Unprincipled migration amendments introduce ‘indefinite surveillance’ and unjust sentences

PIAC is deeply concerned by the passing of the Migration Amendment (Bridging Visa Conditions) Bill, which creates a new system of ‘indefinite surveillance’ for people previously indefinitely detained and introduces mandatory sentences for even minor breaches of conditions.

The legislation introduces restrictive requirements, including electronic monitoring, constraints on movement and curfews, on this cohort of people who have been unlawfully detained.  

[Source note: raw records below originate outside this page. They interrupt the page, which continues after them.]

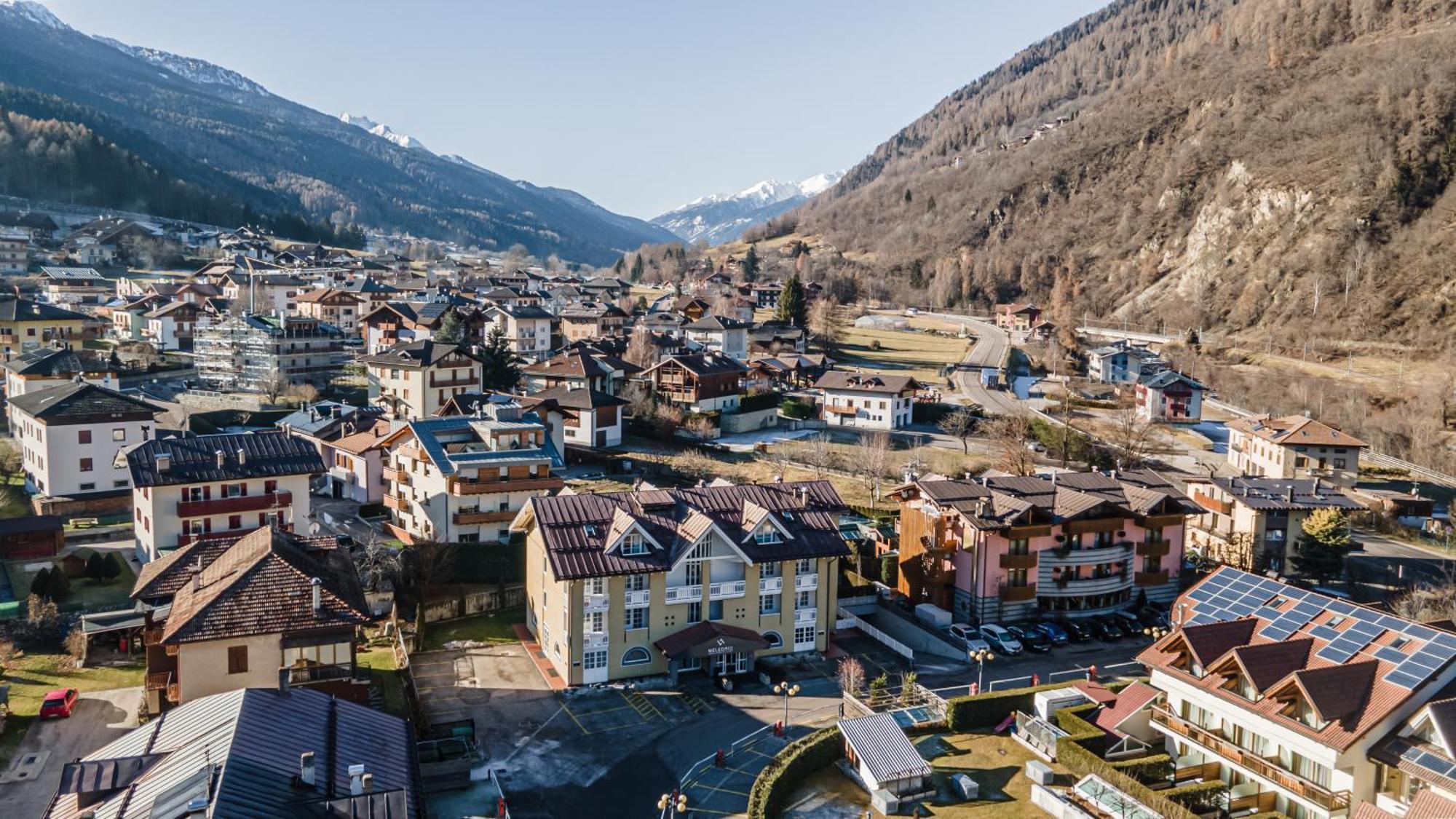 Hotel Garni Meledrio Dimaro Bagian luar foto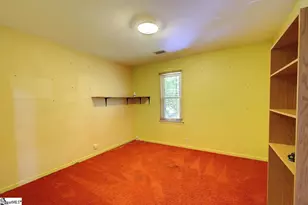 1206 Lakeview Dr, Greenville, SC 29611 - Photo 15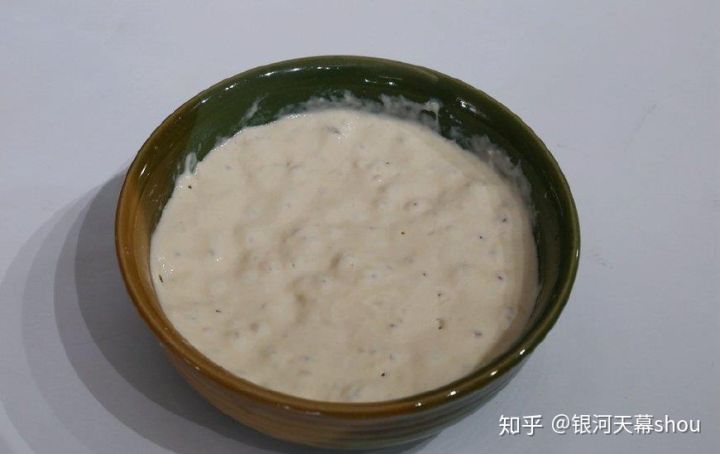 【烘焙教程】没有什么面包,比这无油无糖、有无数孔洞的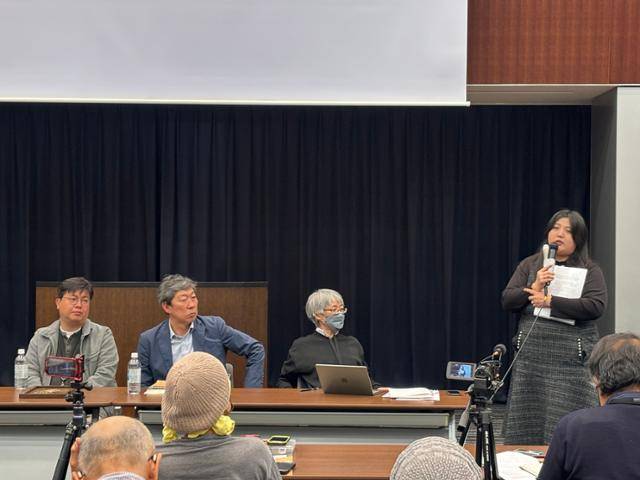 재일동포 3세 유영향(35·맨 오른쪽)씨가 23일 일본 도쿄 참의원 의원회관에서 열린 야스쿠니신사 무단 합사 철폐 3차 소송 관련 보고회에 참석해 발언하고 있다. 유씨는 야스쿠니신사 무단 합사 희생자의 유가족이다. 도쿄=류호 특파원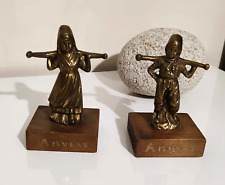 Serre livres en bronze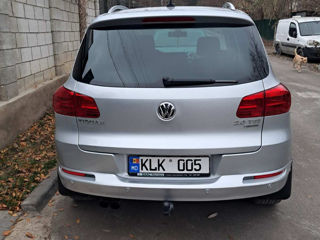 Volkswagen Tiguan foto 8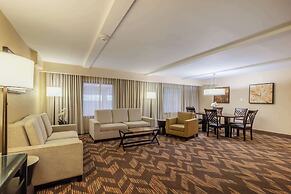 DoubleTree by Hilton Hotel Lawrence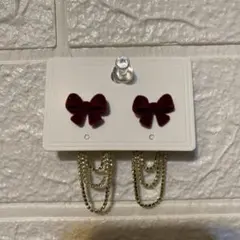 ボルドーリボンとゴールドチェーンのピアス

The use of electronic monitoring devices such as ankle tags, now the default requirement for this cohort, can have significant negative impacts on people’s health. This has been shown by their use in other jurisdictions, where electronic monitoring is described as having ‘a disastrous impact’ for people with mental health conditions.

Our previous work has shown that many people held in indefinite detention have developed complex mental and physical health conditions, which are likely to be exacerbated through the use of electronic monitoring devices,’ says PIAC Principal Solicitor Jonathan Hall Spence.

The Royal Australian and New Zealand College of Psychiatrists has recognised that the use of electronic monitoring (in the similar context of forensic mental health services) has serious impacts on mental health recovery and exacerbates the symptoms of mental health illnesses. A study in the US demonstrated that the use of these devices can be ‘a source of acute physical and mental trauma’ and can inhibit access to healthcare.

The conditions imposed are not based on a legitimate assessment of risk and appear to amount to additional punishment. 

‘People who have completed prison sentences are released into the community every day, without these restrictive conditions. There is no justification for the harmful use of electronic monitoring devices on this cohort, just because they are non-citizens,’ Hall Spence continues.  

‘This law replaces one traumatising and dehumanising system with another.’

The introduction of mandatory minimum sentences for breaches of visa conditions is particularly unprincipled and unnecessary. 

‘When politicians set sentences without knowing the facts of a case, they undermine the rule of law and all but guarantee injustice. The punishment should fit the crime and be set by a court based on the facts of the case’, says Jonathon Hunyor, PIAC’s Chief Executive Officer. 

The Federal Government accepted a raft of draconian amendments to secure the hasty passage of this law, while indicating that further legislation may be introduced when the High Court publishes its full reasoning. We urge the government to use that opportunity to create new legislation that better accommodates the human rights of all concerned.